Drop the pictures; give again exactly the lines from the one holding "2024小说推文：千万播放爆款虐文拆解，毫无保留分享，看到就是赚到-云创网" through the end of the data.

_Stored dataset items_
____

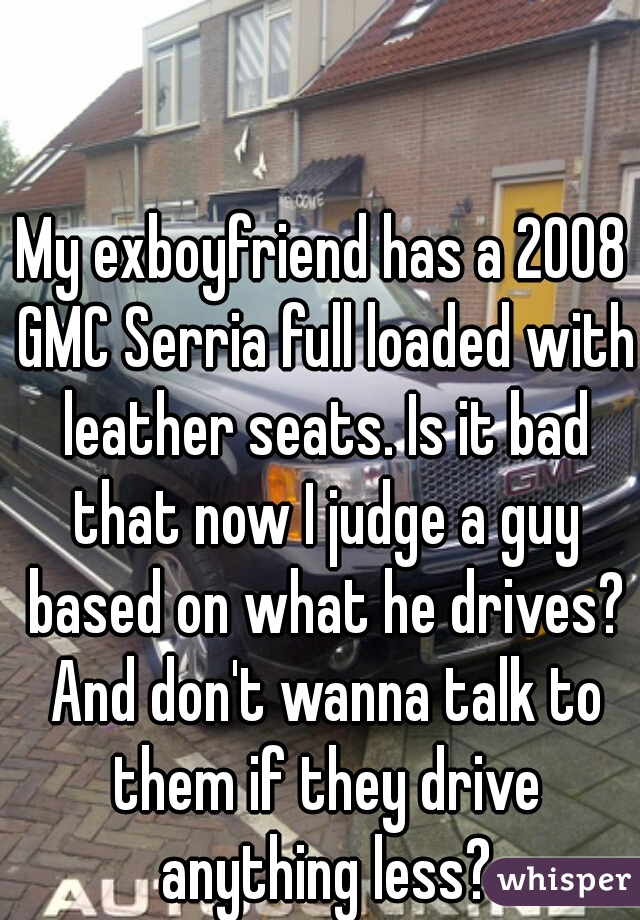 My exboyfriend has a 2008 GMC Serria full loaded with leather seats. Is it bad that now I judge a guy based on what he drives? And don't wanna talk to them if they drive anything less?
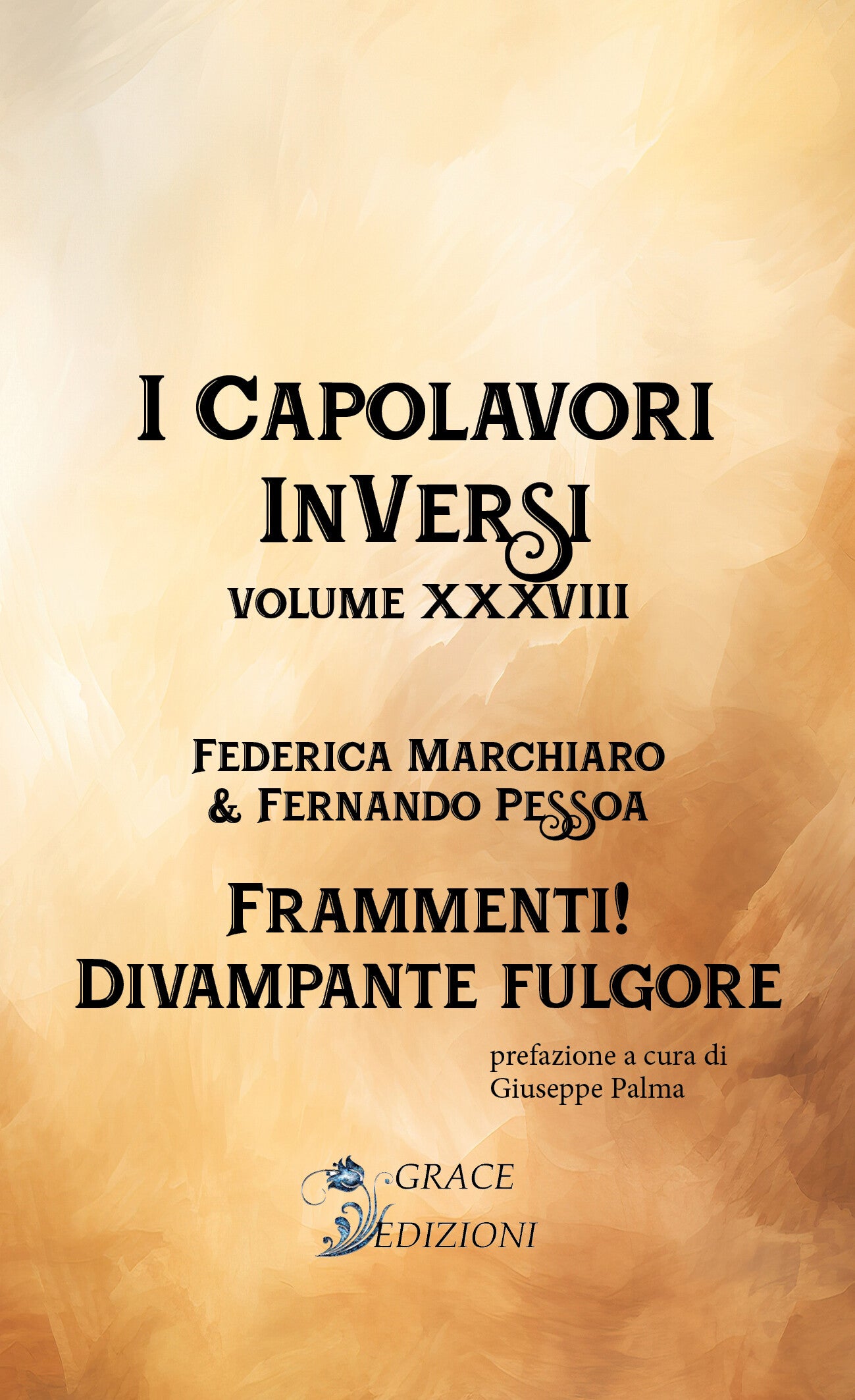 I Capolavori InVersi XXXVIII: Frammenti! Divampante fulgore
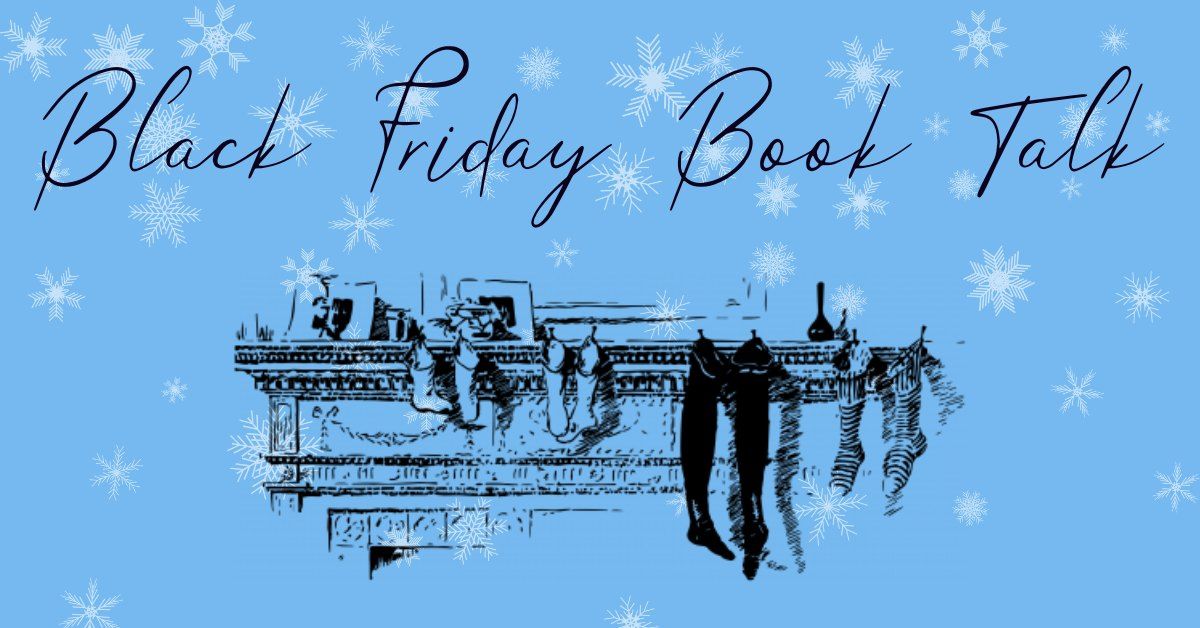 Black Friday Book Talk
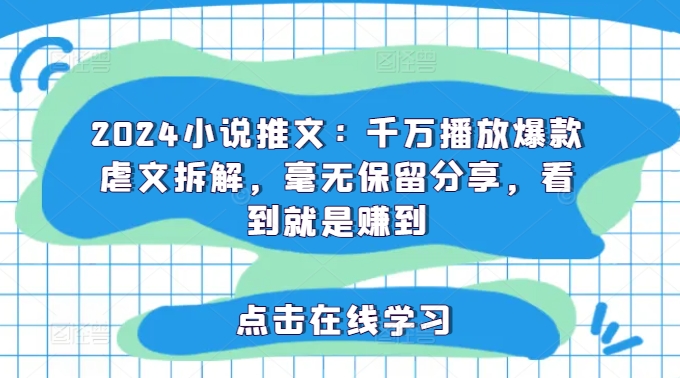 2024小说推文：千万播放爆款虐文拆解，毫无保留分享，看到就是赚到-云创网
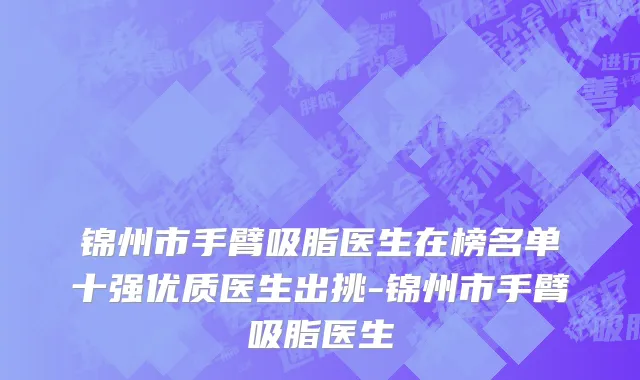 锦州市手臂吸脂医生在榜名单十强优质医生出挑-锦州市手臂吸脂医生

____

_Response_
 2024小说推文：千万播放爆款虐文拆解，毫无保留分享，看到就是赚到-云创网
 锦州市手臂吸脂医生在榜名单十强优质医生出挑-锦州市手臂吸脂医生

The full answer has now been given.